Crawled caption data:
※
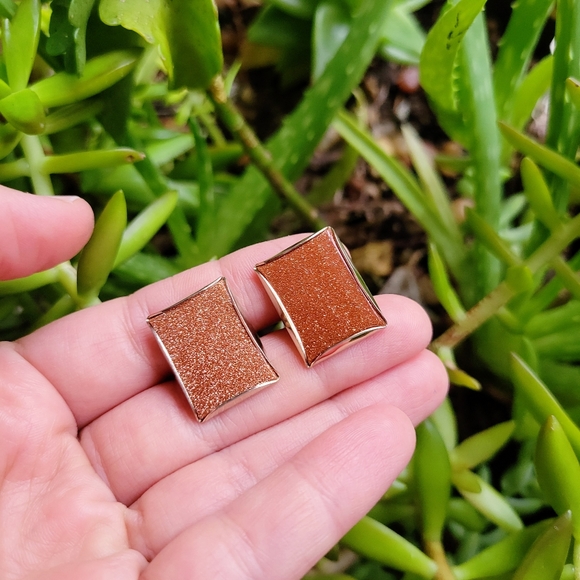 Vintage Sunstone Cuff Links - Picture 14 of 16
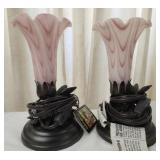 Set of 2 pink hummingbird lamps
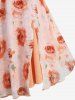 Plus Size Rose Flower Print Surplice Ruffles Split Tulip Hem Cold Shoulder 2 In 1 Tank Top -  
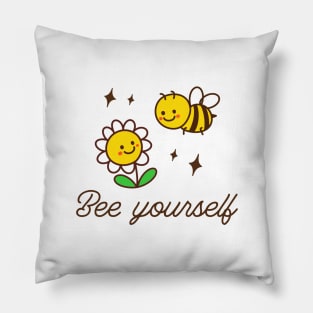 "Bee Yourself" funny pun with yellow bee and chrysanthemum - Confidence and self-expression t-shirt Pillow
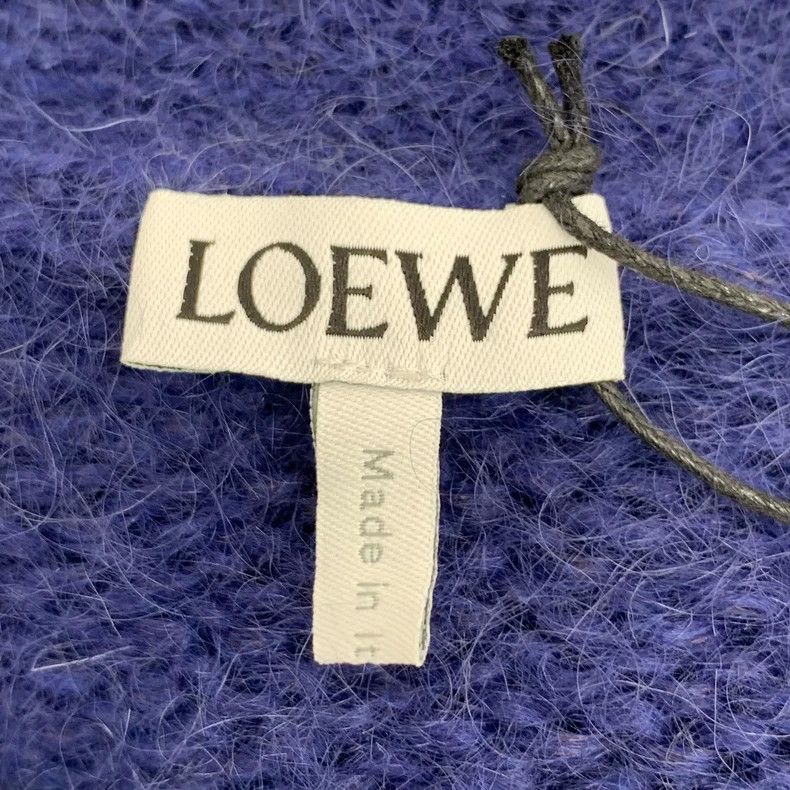 Loewe Loewe Dark blue polar bear embroidered horsehair V-neck lo Size M / US 6-8 / IT 42-44 - 6 Thumbnail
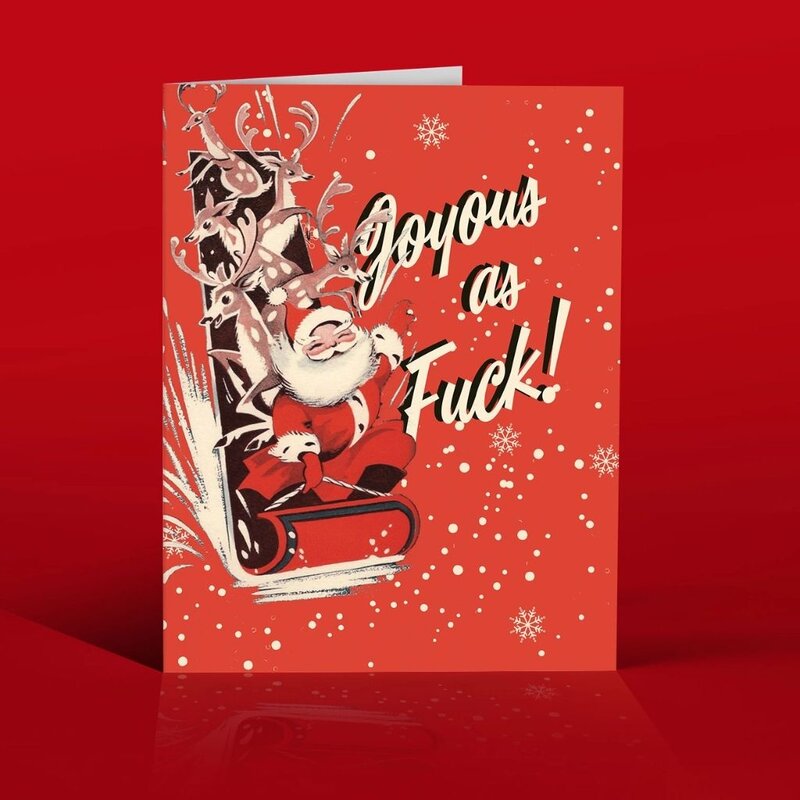 Offensive & Delightful JOYOUS SLEIGH Christmas card
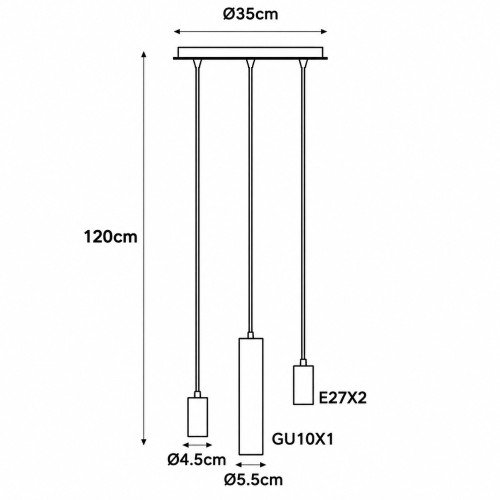 Éclairage intérieur Zari suspension 3 lumières grège moderne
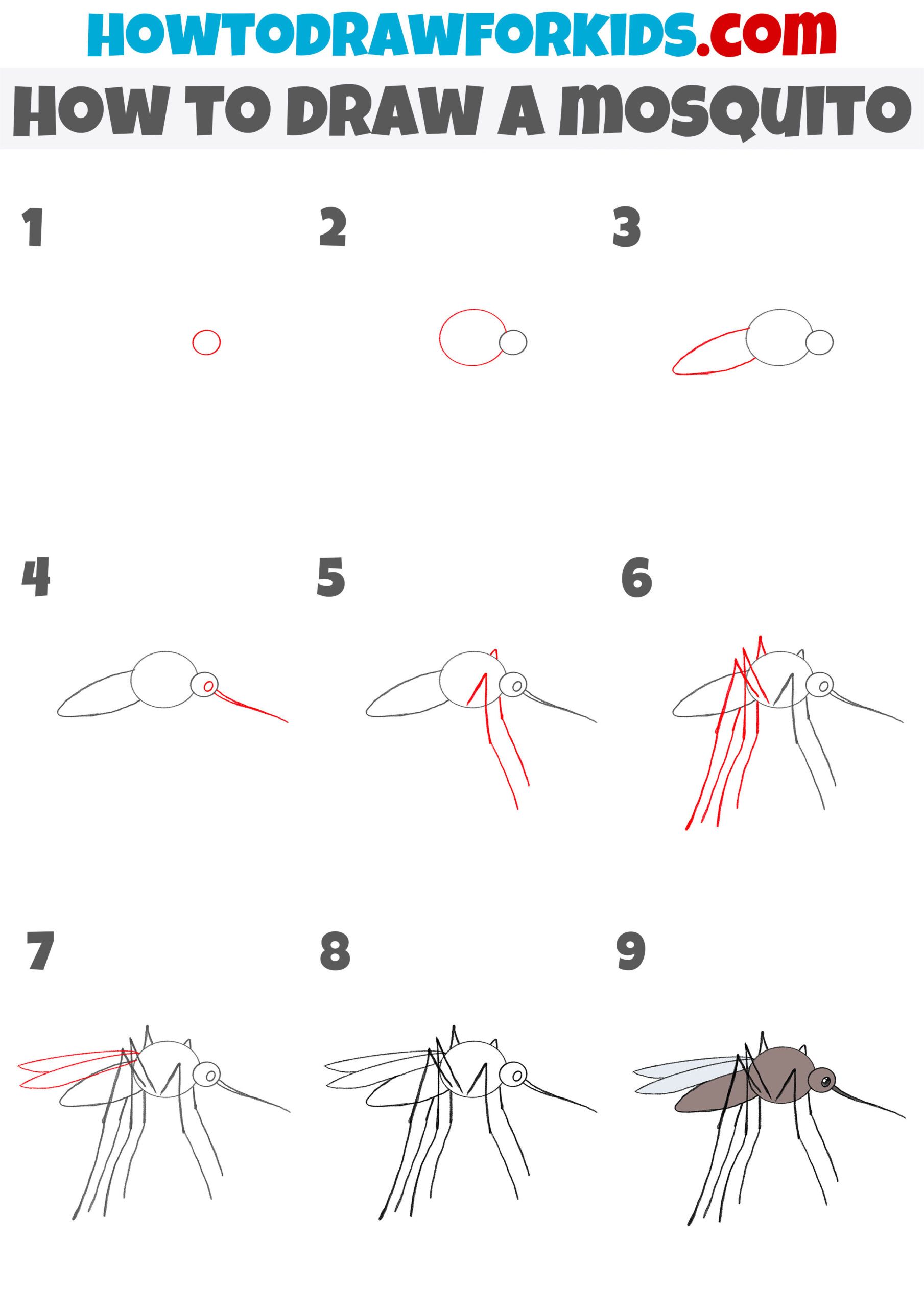 how to draw mosquito easy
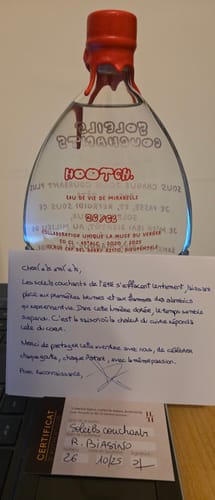 Customer photo review of SOLEILS COUCHANTS - Eau-de-vie de Mirabelle (2020) - Damejeanne Unique 66 Bouteilles
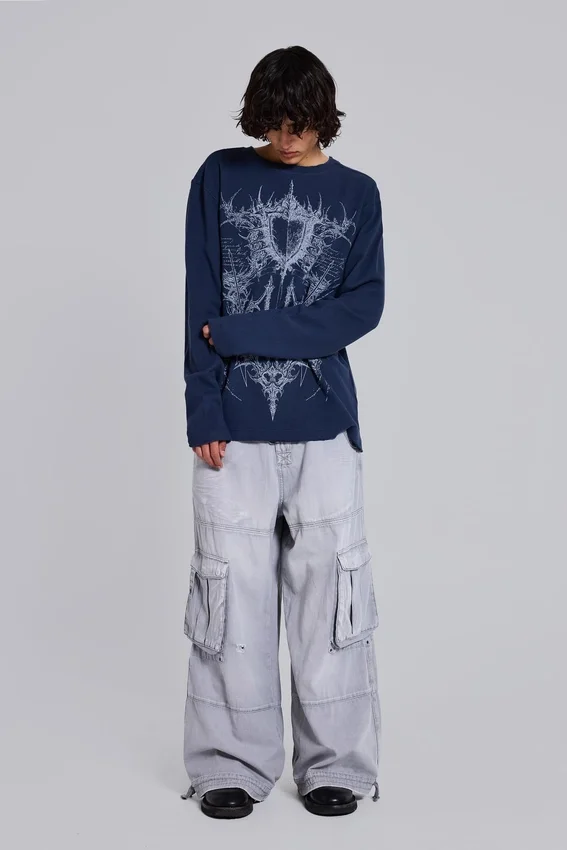 Pantalons cargo gris délavé « Decoy »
※
The records above should be reproduced exactly, with no pictures included.

Exercise output:
 Vintage Sunstone Cuff Links - Picture 14 of 16
 Set of 2 pink hummingbird lamps
 Plus Size Rose Flower Print Surplice Ruffles Split Tulip Hem Cold Shoulder 2 In 1 Tank Top -  
 "Bee Yourself" funny pun with yellow bee and chrysanthemum - Confidence and self-expression t-shirt Pillow
 Loewe Loewe Dark blue polar bear embroidered horsehair V-neck lo Size M / US 6-8 / IT 42-44 - 6 Thumbnail
 Offensive & Delightful JOYOUS SLEIGH Christmas card
 Éclairage intérieur Zari suspension 3 lumières grège moderne
 how to draw mosquito easy
 Customer photo review of SOLEILS COUCHANTS - Eau-de-vie de Mirabelle (2020) - Damejeanne Unique 66 Bouteilles
 Pantalons cargo gris délavé « Decoy »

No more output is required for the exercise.